Problem requirements - Repeat only the lines from the one containing "Thermalright ODYSSEY Tản" to the final line below, exactly as they read, and leave every picture out.

(Captioned web images)
################

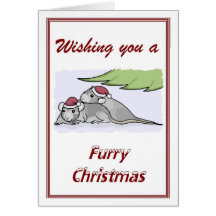 Furry Christmas Greeting Card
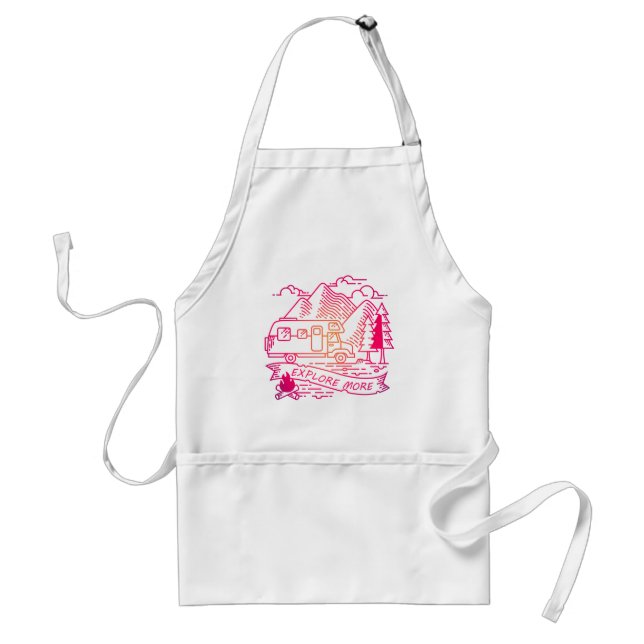 Utforska mer Rosa Camper Van Mountain Nature Älska Förkläde (Framsidan)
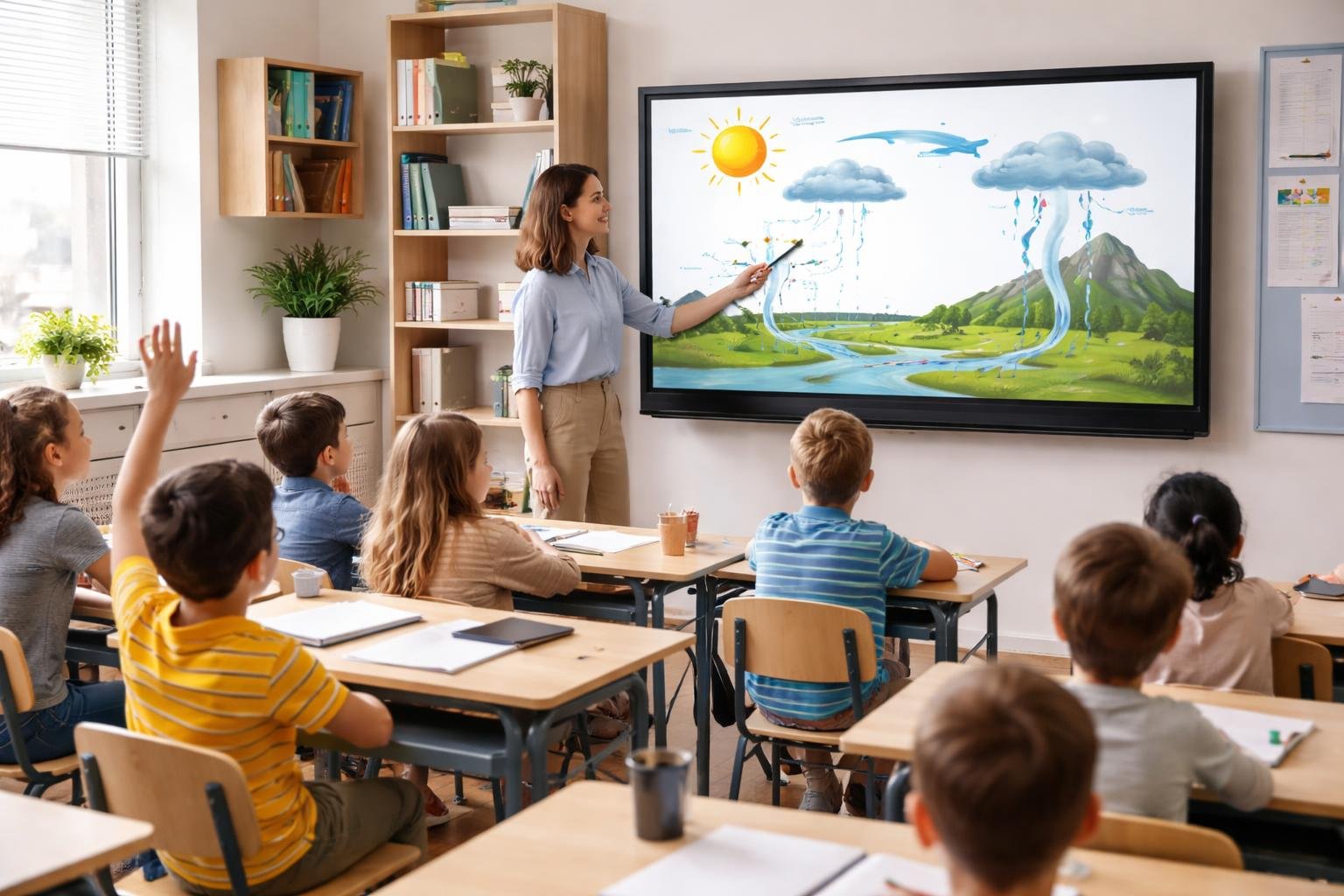 Egy tanár interaktív táblán mutat be egy víz körforgását, miközben a diákok figyelnek.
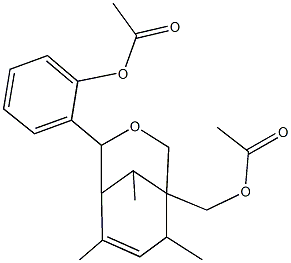 2-{5-[(acetyloxy)methyl]-6,8,9-trimethyl-3-oxabicyclo[3.3.1]non-7-en-2-yl}phenyl acetate Struktur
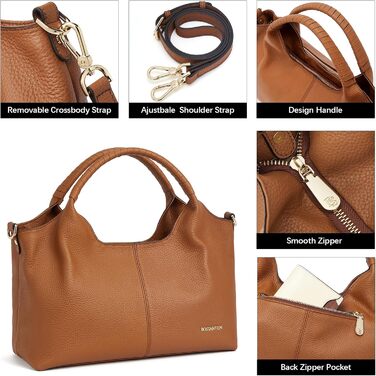 Сумка жіноча BOSTANTEN шкіряна шопер Hobo через плече з регульованим ременем, коричнева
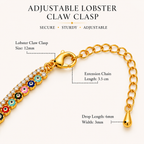 Vani Lustre Evil Eye Bracelet | Gold-Tone Adjustable Stainless Steel Bracelet for Women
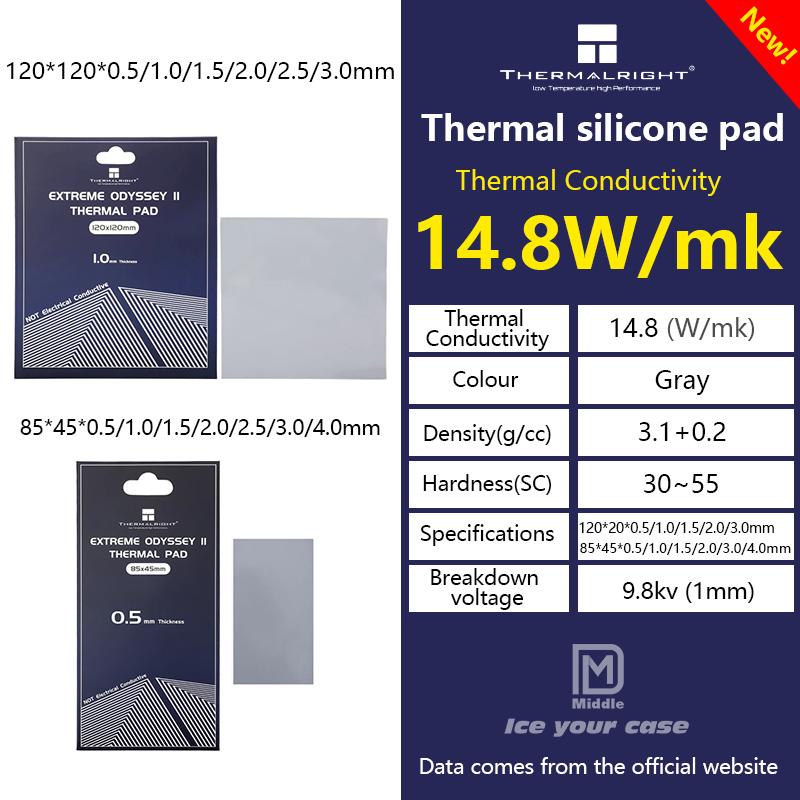 Thermalright ODYSSEY Tản Nhiệt Miếng Lót Silicone CPU/GPU Card Đồ Họa Miếng Lót Nhiệt Bo Mạch Chủ Silicone Miếng Lót Mỡ Đa Kích Thước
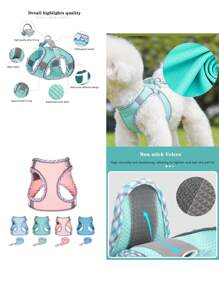 1set/2pcs Reflective And Breathable Chest Strap & Back Strap Set With Traction Rope For Dogs And Cats, Outdoor Anti-breakaway Harness And Traction Rope Set, Rope Length 150cm - Pink - View 4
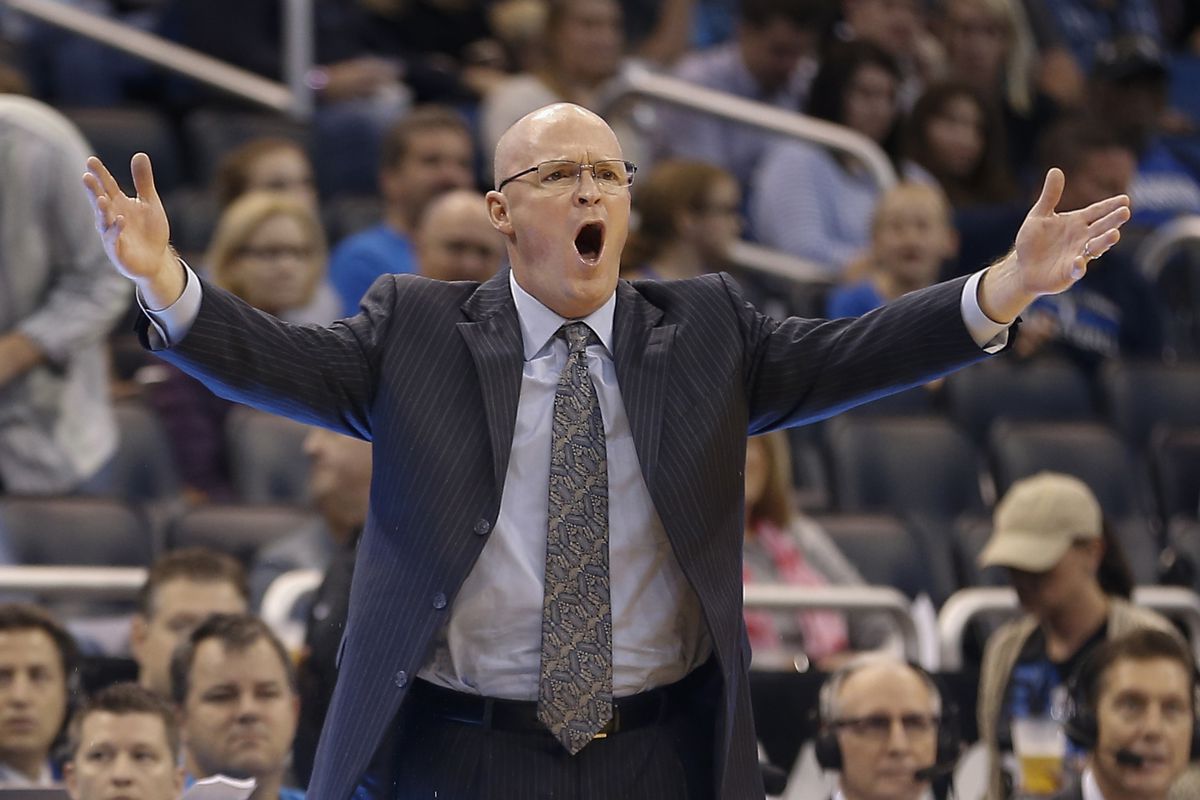 Orlando Magic head coach Scott Skiles yells to a referee during the second half during the January 9 game against the Washington Wizards.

################

Solution for this problem -
 Thermalright ODYSSEY Tản Nhiệt Miếng Lót Silicone CPU/GPU Card Đồ Họa Miếng Lót Nhiệt Bo Mạch Chủ Silicone Miếng Lót Mỡ Đa Kích Thước
 1set/2pcs Reflective And Breathable Chest Strap & Back Strap Set With Traction Rope For Dogs And Cats, Outdoor Anti-breakaway Harness And Traction Rope Set, Rope Length 150cm - Pink - View 4
 Orlando Magic head coach Scott Skiles yells to a referee during the second half during the January 9 game against the Washington Wizards.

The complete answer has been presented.